Just as devil's advocate, I bought a RX-V775 at Costco last fall (yes, an older model). I buy from them with confidence as they _extend the manufacturer warranty an additional year_ (and also offer Square Trade); I've done some returns to them that other retailers would laugh themselves silly if I asked. (E.g. a Samsung BD player bricked itself with a firmware update 19 months after purchase; returned. A Tripp Lite UPS only lasted 3 years and it had a 5 year warranty; returned. A Vizio TV started doing weird s*** 9 months after purchase, Vizio support dilly dallied and promised a tech visit, cancelled, promised a replacement then reneged, my friends were exhausted; I took them to the store,... returned for purchase price and we got them a new Samsung with the gift card. As with all extreme cases, YMMV.)

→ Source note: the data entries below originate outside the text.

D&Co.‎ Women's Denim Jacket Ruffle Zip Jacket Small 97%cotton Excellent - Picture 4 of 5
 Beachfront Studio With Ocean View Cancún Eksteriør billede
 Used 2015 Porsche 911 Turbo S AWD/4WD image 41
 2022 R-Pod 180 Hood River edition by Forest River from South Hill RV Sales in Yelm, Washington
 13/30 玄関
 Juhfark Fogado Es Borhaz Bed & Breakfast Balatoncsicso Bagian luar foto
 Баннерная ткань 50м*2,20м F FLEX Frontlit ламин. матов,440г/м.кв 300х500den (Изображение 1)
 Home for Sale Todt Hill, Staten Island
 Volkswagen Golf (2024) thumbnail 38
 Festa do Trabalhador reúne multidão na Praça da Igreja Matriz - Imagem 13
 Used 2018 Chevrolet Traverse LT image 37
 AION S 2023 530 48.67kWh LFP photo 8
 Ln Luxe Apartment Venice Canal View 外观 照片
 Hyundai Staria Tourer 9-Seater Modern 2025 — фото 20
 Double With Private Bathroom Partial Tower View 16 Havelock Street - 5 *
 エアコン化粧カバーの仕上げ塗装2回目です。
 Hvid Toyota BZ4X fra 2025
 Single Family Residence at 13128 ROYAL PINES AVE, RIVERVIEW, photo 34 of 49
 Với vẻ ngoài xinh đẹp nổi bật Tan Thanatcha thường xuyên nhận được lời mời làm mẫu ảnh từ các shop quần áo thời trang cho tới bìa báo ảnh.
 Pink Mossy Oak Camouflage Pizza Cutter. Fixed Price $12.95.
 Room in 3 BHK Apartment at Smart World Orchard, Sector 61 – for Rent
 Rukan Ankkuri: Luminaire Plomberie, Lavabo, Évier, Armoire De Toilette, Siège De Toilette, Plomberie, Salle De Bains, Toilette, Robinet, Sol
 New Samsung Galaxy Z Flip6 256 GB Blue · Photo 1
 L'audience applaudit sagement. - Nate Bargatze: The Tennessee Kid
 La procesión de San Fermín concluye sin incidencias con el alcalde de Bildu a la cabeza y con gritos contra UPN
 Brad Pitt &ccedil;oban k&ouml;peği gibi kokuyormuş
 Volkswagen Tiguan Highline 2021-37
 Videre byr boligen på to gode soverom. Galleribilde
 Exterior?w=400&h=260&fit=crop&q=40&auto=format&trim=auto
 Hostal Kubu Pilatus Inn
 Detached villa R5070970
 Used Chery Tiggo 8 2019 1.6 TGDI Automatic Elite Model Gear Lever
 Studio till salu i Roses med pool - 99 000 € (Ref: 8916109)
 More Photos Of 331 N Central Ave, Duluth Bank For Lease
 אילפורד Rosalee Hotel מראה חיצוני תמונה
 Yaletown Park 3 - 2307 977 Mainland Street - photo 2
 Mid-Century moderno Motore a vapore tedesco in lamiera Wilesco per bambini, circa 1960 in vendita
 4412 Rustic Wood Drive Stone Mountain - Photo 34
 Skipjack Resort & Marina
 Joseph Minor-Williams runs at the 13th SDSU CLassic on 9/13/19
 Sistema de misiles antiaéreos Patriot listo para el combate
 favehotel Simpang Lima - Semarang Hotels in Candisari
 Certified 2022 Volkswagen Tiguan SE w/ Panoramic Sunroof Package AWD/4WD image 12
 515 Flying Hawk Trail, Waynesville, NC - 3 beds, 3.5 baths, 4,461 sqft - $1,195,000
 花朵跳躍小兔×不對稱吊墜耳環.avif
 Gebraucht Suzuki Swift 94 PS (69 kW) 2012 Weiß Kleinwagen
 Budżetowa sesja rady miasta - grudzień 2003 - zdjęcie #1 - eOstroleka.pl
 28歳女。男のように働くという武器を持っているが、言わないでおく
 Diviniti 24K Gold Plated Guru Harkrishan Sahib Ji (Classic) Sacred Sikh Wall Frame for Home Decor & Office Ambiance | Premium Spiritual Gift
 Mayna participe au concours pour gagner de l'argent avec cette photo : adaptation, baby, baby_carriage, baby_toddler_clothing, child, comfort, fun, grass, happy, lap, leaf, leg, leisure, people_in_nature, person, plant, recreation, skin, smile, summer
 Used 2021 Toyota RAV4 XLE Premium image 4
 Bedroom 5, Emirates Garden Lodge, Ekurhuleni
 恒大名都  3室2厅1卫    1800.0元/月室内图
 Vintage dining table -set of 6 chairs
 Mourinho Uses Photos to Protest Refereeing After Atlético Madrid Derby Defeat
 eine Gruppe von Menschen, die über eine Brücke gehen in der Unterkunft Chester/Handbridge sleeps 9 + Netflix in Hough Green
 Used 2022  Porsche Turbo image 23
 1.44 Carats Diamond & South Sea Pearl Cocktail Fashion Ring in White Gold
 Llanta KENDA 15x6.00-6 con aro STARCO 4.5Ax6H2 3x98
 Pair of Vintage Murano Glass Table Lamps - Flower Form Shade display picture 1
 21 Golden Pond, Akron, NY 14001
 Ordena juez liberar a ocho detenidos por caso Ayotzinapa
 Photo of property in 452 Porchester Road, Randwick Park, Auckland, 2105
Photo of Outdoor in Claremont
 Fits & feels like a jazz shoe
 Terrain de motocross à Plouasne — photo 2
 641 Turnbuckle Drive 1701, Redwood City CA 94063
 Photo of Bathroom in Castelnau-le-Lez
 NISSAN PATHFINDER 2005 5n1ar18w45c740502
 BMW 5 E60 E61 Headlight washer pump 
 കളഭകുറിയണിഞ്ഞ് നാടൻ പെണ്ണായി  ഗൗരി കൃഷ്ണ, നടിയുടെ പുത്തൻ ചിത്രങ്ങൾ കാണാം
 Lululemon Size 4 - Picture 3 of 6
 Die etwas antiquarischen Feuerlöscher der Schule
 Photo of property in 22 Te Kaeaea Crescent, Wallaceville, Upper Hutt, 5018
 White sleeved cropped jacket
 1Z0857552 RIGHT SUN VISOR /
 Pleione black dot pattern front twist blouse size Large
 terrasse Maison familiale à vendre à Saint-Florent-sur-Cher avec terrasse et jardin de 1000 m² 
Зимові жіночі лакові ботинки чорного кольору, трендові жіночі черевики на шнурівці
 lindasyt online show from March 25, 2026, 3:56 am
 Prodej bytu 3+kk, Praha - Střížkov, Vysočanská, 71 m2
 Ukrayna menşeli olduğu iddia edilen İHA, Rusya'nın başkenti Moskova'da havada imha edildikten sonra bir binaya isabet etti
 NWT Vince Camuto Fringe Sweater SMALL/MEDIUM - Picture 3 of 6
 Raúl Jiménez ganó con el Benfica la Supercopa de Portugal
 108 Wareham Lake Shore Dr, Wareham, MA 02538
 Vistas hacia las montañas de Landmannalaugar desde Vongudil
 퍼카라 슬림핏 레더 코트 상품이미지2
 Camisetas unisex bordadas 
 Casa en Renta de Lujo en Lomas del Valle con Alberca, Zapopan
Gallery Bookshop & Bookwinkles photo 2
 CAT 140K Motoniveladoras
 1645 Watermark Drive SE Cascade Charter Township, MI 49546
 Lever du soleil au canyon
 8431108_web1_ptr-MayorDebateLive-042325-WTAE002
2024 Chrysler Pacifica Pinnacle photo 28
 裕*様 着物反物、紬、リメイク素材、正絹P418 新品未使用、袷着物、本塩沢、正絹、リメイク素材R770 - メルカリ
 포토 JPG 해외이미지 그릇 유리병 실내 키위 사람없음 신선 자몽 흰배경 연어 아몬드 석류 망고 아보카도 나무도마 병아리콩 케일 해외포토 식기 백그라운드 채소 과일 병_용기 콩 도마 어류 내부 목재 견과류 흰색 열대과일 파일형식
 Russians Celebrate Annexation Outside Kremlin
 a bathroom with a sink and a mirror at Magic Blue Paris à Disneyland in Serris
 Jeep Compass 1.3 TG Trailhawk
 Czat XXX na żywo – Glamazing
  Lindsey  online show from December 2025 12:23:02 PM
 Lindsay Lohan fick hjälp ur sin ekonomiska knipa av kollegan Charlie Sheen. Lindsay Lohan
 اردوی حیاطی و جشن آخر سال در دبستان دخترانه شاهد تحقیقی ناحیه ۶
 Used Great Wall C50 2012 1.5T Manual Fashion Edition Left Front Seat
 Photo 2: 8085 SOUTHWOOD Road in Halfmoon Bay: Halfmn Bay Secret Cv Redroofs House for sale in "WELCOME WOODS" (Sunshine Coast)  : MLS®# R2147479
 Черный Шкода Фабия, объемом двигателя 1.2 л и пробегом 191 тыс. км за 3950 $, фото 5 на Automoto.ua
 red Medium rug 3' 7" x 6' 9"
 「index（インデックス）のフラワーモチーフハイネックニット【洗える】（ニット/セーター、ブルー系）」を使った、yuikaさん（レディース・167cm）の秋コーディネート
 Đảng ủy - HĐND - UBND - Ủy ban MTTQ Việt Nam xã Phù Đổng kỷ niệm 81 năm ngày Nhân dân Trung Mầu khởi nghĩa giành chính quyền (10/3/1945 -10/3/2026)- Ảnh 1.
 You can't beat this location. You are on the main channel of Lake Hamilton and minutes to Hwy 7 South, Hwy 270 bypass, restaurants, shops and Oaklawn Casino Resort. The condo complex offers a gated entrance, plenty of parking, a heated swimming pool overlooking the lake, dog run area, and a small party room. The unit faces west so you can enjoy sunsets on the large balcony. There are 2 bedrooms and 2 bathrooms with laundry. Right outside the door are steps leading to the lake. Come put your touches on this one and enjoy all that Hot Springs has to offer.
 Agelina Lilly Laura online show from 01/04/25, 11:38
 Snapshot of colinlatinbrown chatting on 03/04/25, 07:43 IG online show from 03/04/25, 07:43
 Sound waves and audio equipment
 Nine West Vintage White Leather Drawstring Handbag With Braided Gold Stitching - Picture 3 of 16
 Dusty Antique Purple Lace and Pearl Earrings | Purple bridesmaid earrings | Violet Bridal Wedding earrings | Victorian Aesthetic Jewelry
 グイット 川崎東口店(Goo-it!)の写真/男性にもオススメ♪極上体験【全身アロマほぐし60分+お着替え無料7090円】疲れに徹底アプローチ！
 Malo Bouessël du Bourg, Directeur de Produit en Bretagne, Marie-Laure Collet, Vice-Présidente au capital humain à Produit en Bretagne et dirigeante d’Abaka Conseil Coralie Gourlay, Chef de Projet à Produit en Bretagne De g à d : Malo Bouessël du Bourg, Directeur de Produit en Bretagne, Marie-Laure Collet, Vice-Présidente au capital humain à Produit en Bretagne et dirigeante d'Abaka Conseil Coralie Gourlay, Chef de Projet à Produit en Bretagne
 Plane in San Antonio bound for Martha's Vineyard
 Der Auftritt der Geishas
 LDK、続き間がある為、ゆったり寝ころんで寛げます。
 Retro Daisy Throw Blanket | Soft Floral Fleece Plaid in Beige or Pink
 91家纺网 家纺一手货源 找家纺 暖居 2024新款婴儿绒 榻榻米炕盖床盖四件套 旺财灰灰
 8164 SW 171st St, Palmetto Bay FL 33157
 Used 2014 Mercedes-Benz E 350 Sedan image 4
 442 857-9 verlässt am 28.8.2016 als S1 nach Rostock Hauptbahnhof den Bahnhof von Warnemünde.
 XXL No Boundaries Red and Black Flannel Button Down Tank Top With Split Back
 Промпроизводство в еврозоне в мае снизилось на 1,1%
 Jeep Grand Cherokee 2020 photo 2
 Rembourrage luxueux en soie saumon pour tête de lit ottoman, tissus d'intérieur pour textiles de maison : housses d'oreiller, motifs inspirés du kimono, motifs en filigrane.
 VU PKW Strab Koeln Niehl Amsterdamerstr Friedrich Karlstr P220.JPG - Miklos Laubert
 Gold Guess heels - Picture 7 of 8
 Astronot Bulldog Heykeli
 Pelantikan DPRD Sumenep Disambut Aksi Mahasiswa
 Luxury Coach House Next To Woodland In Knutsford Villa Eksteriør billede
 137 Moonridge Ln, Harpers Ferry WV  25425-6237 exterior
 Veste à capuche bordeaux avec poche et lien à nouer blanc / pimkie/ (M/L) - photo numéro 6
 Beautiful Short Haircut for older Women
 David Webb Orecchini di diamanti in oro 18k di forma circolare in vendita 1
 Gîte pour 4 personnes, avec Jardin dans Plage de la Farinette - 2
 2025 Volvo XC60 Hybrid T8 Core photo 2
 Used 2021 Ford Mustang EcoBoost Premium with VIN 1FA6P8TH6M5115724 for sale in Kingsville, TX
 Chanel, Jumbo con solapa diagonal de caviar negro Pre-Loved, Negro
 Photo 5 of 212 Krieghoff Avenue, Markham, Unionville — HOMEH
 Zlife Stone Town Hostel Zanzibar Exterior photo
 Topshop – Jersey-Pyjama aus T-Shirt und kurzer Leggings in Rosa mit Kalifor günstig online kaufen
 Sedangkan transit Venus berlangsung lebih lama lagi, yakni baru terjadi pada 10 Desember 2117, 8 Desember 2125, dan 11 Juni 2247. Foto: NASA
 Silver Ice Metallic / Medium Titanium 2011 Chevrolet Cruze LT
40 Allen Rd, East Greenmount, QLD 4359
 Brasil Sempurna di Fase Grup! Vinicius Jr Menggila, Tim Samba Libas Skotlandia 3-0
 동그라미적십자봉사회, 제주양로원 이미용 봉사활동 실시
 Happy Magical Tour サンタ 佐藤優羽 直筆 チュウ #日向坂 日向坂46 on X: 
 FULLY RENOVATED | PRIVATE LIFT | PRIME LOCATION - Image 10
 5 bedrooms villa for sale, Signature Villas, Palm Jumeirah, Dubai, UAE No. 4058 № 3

Back to the Yamaha. Some of the Net radio features are flakey, but the remote control via Android or iOS device (any), not to mention a web browser, are COOL. I no longer need an iPod dock, the USB connection to an iPod Touch 5gen or iPad Mini Retina works wonders (and I can play/pause from the AVR's remote). 4K passthrough. HDMI bells and whistles naturally. Nice YPAO PEQ features (Flat, Front, Natural, and manual custom correction graphs). Only downside is an arguably trivial one: no more upconvert from component 480p in to HDMI OUT.  Had to run separate component cables to the LED tv.

In all, I'm pleased as punch with the 775. (I believe the 777 has built-in wi-fi. I had to rig a wireless bridge device for the 775's Ethernet connection.) 

I understand the RX-A series is better (10 years ago, someone told me the RX-V line was the superior audio receivers)...? Can anyone comment?


----------